The new evidence emerging this week poses a more pressing threat to South Korea and the international community, which is threatening a nuclear attack on South Korea this week, amid statements by Kim Yo-jong, sister of communist dictator Kim Jong-un. Kim Yo-jong made her statements through North Korean state media, claiming they were in response to a routine South Korean military update in which the nation’s defense minister expressed confidence in the country’s ability to thwart an attack from the north.
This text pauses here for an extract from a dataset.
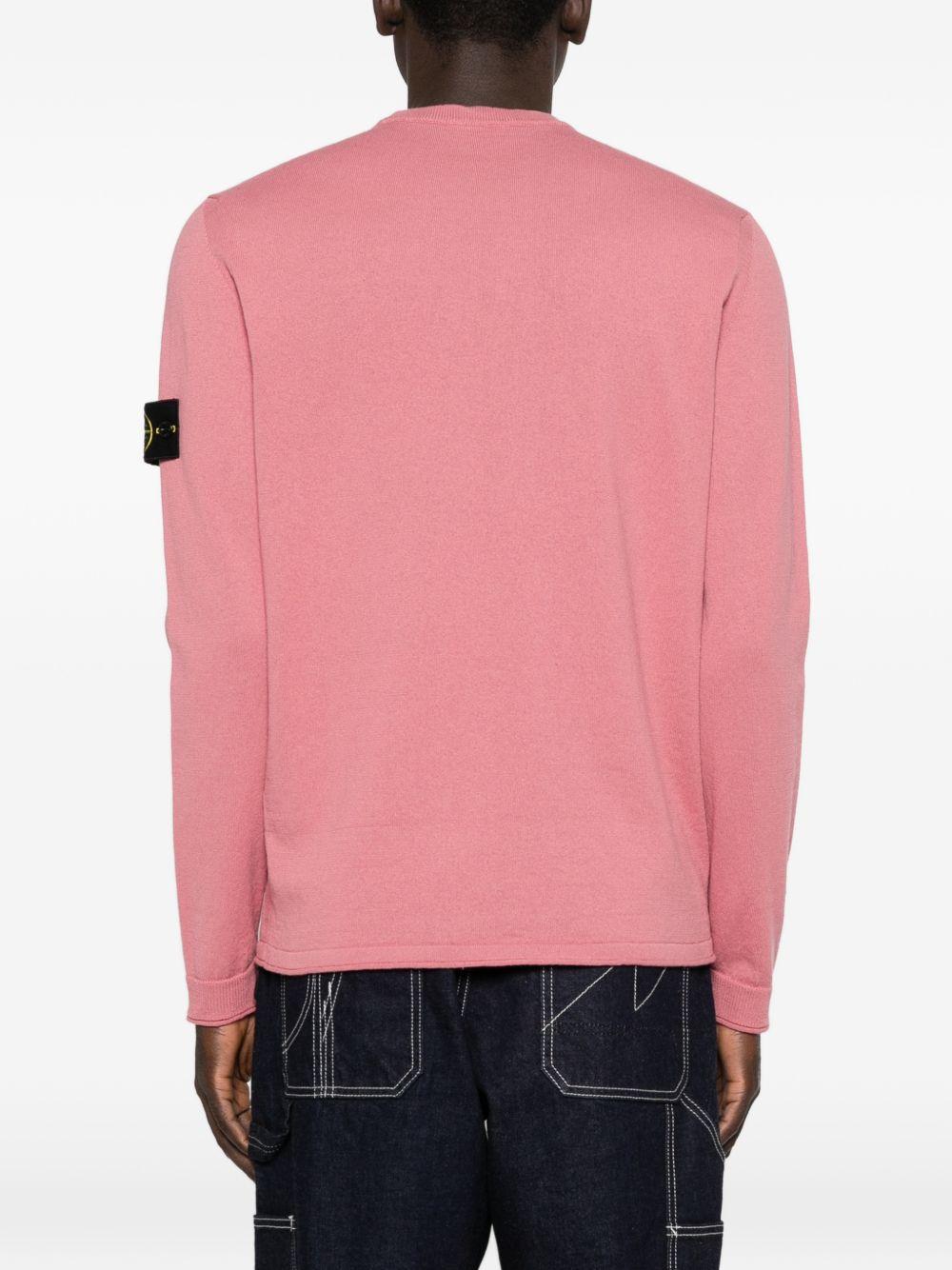 STONE ISLAND Maglione girocollo rosa con applicazione Compass removibile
Kim Yo Jong, sister of North Korean leader Kim Jong Un, attends the wreath-laying ceremony at Ho Chi Minh Mausoleum in Hanoi March 2, 2019.  (Photo by JORGE SILVA / POOL / AFP) (Photo credit should read JORGE SILVA/AFP via Getty Images)

Kim Yo Jong, sister of North Korean leader Kim Jong Un, attends the wreath-laying ceremony at Ho Chi Minh Mausoleum in Hanoi March 2, 2019. (JORGE SILVA/AFP via Getty Images)

“In the event of [South Korea] decides to engage in military confrontation with us, our nuclear combat force will inevitably have to do its duty,” Kim said in part. “A terrible attack is launched and the [South Korean] Army will have to suffer a miserable fate that amounts to total destruction and ruin.”

Kim added that Pyongyang “wouldn’t fire even a single bullet or shell at South Korea” if it were unchallenged “because we don’t see it as equal to our armed forces.”

Before the clear threat of a nuclear attack, Kim Yo-jong released another statement, in which he called Defense Minister Suh Wook a “scumbag guy” and a “confrontational lunatic engrossed in the confrontational mindset.”

Yoon Suk-yeol, South Korea’s president-elect, who will take office in May, is reportedly planning to bring Seoul closer to the United States and request “strategic means” of protection from a North Korean attack, a key avenue of the country’s policy incumbent left-wing President Moon Jae-in. Yoon this week sent a delegation to meet with US National Security Adviser Jake Sullivan, who reportedly requested such assets, a term South Koreans typically use for heavier long-range weapons.

US special envoy for North Korea Sung Kim told reporters this week he believes another nuclear test in the north, the first since 2017, is possible in the near future.

“Regarding the upcoming anniversary and the provocation – provocative actions of the DPRK [North Korea] It may take time, I don’t want to speculate too much, but I think it could be another missile launch, it could be a nuclear test,” Kim said, according to South Korea Joong Ang Ilbo. “What is important is that, in collaboration and coordination with our allies and partners, we stand ready to master whatever they undertake.”